Records from a dataset
---------------

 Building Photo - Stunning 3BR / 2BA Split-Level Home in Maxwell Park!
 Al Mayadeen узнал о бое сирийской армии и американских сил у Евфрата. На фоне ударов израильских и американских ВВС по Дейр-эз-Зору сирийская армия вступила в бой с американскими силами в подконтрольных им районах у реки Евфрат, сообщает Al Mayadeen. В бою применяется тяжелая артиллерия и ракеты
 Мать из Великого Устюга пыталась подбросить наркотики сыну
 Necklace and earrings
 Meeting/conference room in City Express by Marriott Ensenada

---------------

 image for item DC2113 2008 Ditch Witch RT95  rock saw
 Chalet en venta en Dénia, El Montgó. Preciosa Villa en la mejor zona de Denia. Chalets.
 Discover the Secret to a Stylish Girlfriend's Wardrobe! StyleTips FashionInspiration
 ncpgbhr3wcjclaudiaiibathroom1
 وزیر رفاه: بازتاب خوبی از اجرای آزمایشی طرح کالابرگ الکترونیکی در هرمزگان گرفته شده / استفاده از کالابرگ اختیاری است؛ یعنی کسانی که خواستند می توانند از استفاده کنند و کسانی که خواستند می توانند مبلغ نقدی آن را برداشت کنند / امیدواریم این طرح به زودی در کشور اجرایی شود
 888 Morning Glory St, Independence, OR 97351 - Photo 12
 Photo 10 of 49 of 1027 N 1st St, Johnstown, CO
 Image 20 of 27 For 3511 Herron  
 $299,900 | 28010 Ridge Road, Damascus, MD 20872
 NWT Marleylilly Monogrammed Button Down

---------------

Gather all lines with the string "Photo" from the data.

 Building Photo - Stunning 3BR / 2BA Split-Level Home in Maxwell Park!
 888 Morning Glory St, Independence, OR 97351 - Photo 12
 Photo 10 of 49 of 1027 N 1st St, Johnstown, CO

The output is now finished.